Here are the results…


The healthiest category: Co-Workers

The healthiest category was co-workers. 42% of respondents had good results. Thankfully, only 2% of results scored as toxic, which was the lowest toxic result of all the categories. Out of all the categories, it had the healthiest average score of 36% (lower is better).

However, worrying (33%) and serious (22%) results were present in the mix too — meaning there is still much work to be done in improving our relationships with our co-workers.

We were looking to see if environments fostered a sense of competition between co-workers rather than collaboration. In competitive environments, co-workers take credit for other’s achievements. In clique work environments, there are obvious in-groups which means many people don’t feel like they fit in or belong there.


The most toxic category: Workload

The worst category? Workload.

We wanted to know if there was a culture of hustle and crunch, where working more than normal hours was encouraged and where work continually ate into time off. Unsurprisingly, yes it did.

47% of the submissions (5 out of 10 people) were in the serious category or worse.

With a 55% average score (higher is worse), most people are overworked and putting in too many hours. A shockingly low 22% of the results were good (the lowest of any category) with 14% of them being toxic (the highest of any category).


Management

According to our results, 20% of leaders (2 in 10) never admit they are wrong or accept responsibility for mistakes. A further 18% rarely do so. Which is just terrifying.

Add to that, 40% of leaders (4 in 10) are more than happy to virtue signal (meaning they say they care about certain topical issues without doing much of anything to really help). This result in particular shows why shifting work culture matters: Empty words are not enough. We need action.

We devoted the bulk of our quiz questions here because we truly believe management creates the culture. We were looking to see if there was micromanagement, favouritism, lack of training, or bullying from managers to get to our result.

Our average overall score for management was 41% (lower is better) with 42% of results being good and 12% being toxic.


Communication

Communication was a largely positive result with over 55% of the results being good. 8% of communication results were toxic. And the average overall score was 37% (lower is better). However, there is still much room for improvement.

We wanted to know if it was okay to talk about mental health or express feedback without fear of being reprimanded. Were management simply looking for “yes sir” or “yes ma’am,” or did they value your insight as part of the conversation?


Overall aggregate results

Only 40% of submissions (4 in 10) did not cross into any serious or toxic territory in any category.
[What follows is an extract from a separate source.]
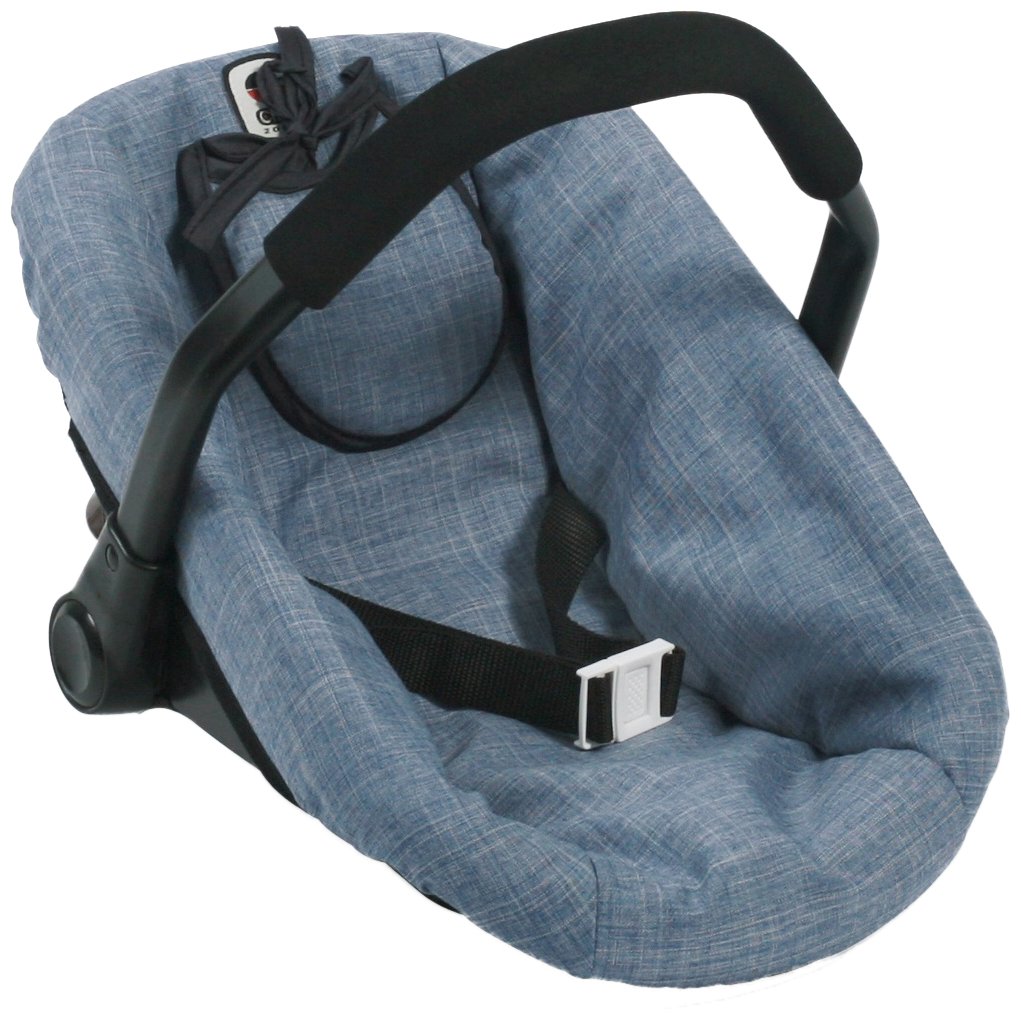 blue doll car seat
And only 8% of submissions (1 in 10) were good across the board.

Overall, 28% of submissions (3 out of 10) are working in serious or worse workplaces, where the most worst issues are in the categories of workload and management.


Get shift done.

Part of shifting work culture towards the good means we learn to…

  1. identify toxic behaviours

  2. lead strategic changes to disempower the bad and incentivise the good

That’s what the ‘Culture Shift’ year is all about.

If you join Mind Shift Forum (it’s free), you’ll receive a monthly ‘Culture Shift’ email to help do that. We’re having a conversation about leadership, mental health, and what we need to do to improve the work culture in the UK.

Join Mind Shift Forum.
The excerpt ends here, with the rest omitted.